Work to be completed → A faithful copy of the entries is required, with no images in it.
Segment Start: Records to use
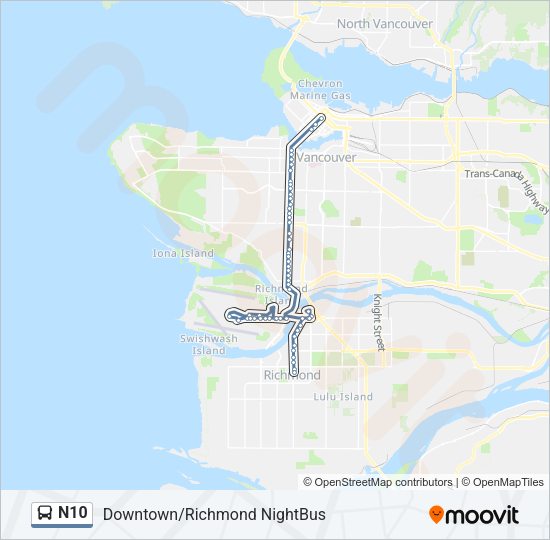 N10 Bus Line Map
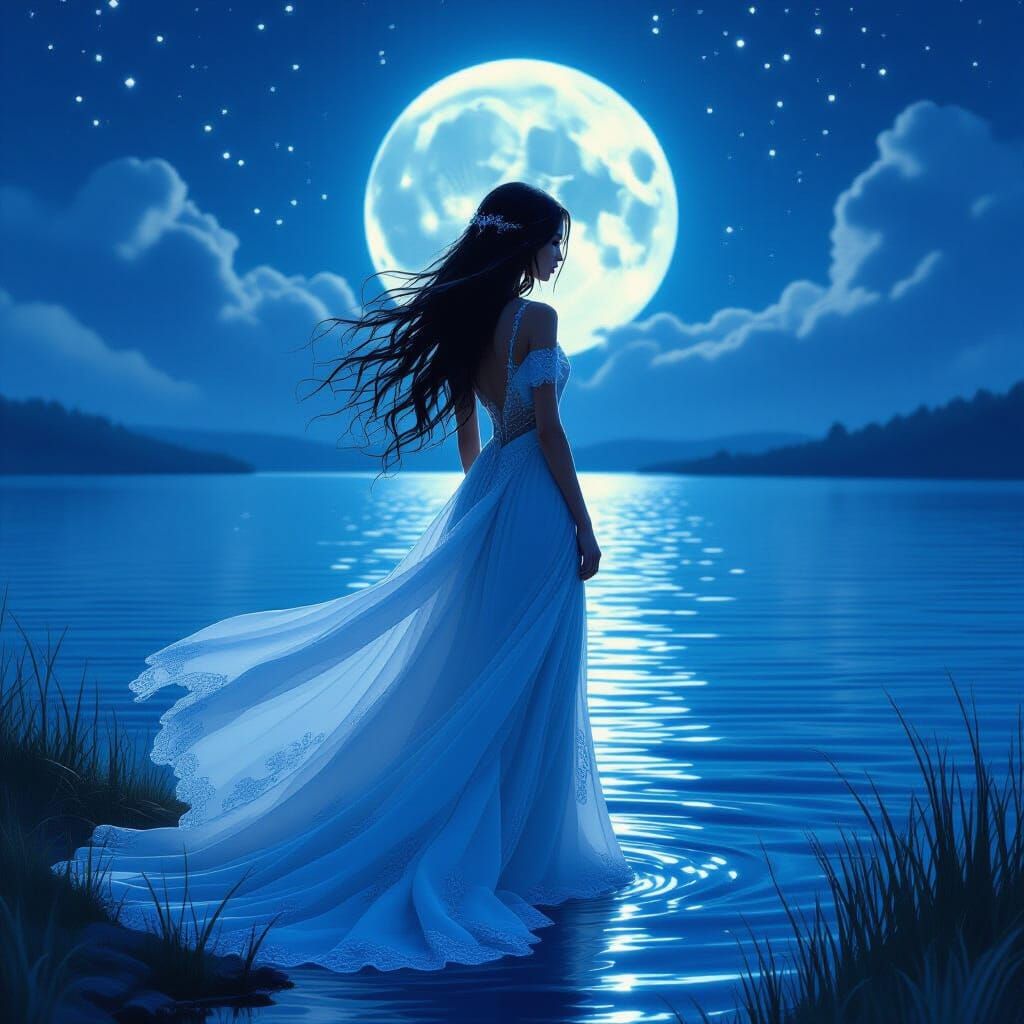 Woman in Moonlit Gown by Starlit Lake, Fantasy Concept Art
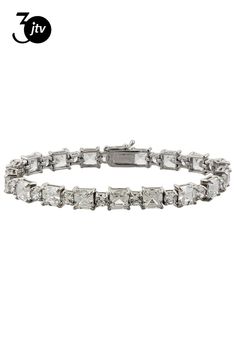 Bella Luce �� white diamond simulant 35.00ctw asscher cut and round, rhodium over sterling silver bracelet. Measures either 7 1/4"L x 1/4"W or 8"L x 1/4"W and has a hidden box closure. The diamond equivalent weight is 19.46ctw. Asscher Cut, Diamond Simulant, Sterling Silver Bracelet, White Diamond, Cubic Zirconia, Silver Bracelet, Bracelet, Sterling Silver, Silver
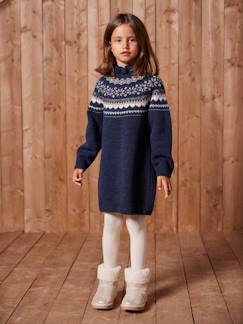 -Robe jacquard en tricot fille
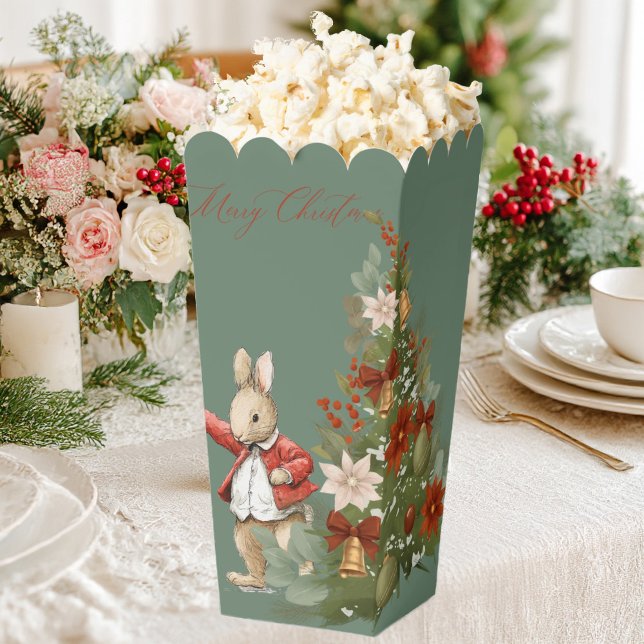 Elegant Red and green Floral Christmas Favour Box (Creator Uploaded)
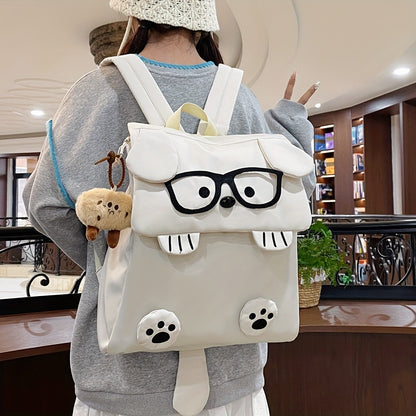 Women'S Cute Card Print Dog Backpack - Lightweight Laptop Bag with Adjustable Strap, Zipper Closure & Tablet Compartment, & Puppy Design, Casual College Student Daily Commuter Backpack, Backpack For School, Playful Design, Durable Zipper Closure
Segment End: Records to use
Solved problem →
 N10 Bus Line Map
 Woman in Moonlit Gown by Starlit Lake, Fantasy Concept Art
 Bella Luce �� white diamond simulant 35.00ctw asscher cut and round, rhodium over sterling silver bracelet. Measures either 7 1/4"L x 1/4"W or 8"L x 1/4"W and has a hidden box closure. The diamond equivalent weight is 19.46ctw. Asscher Cut, Diamond Simulant, Sterling Silver Bracelet, White Diamond, Cubic Zirconia, Silver Bracelet, Bracelet, Sterling Silver, Silver
 -Robe jacquard en tricot fille
 Elegant Red and green Floral Christmas Favour Box (Creator Uploaded)
 Women'S Cute Card Print Dog Backpack - Lightweight Laptop Bag with Adjustable Strap, Zipper Closure & Tablet Compartment, & Puppy Design, Casual College Student Daily Commuter Backpack, Backpack For School, Playful Design, Durable Zipper Closure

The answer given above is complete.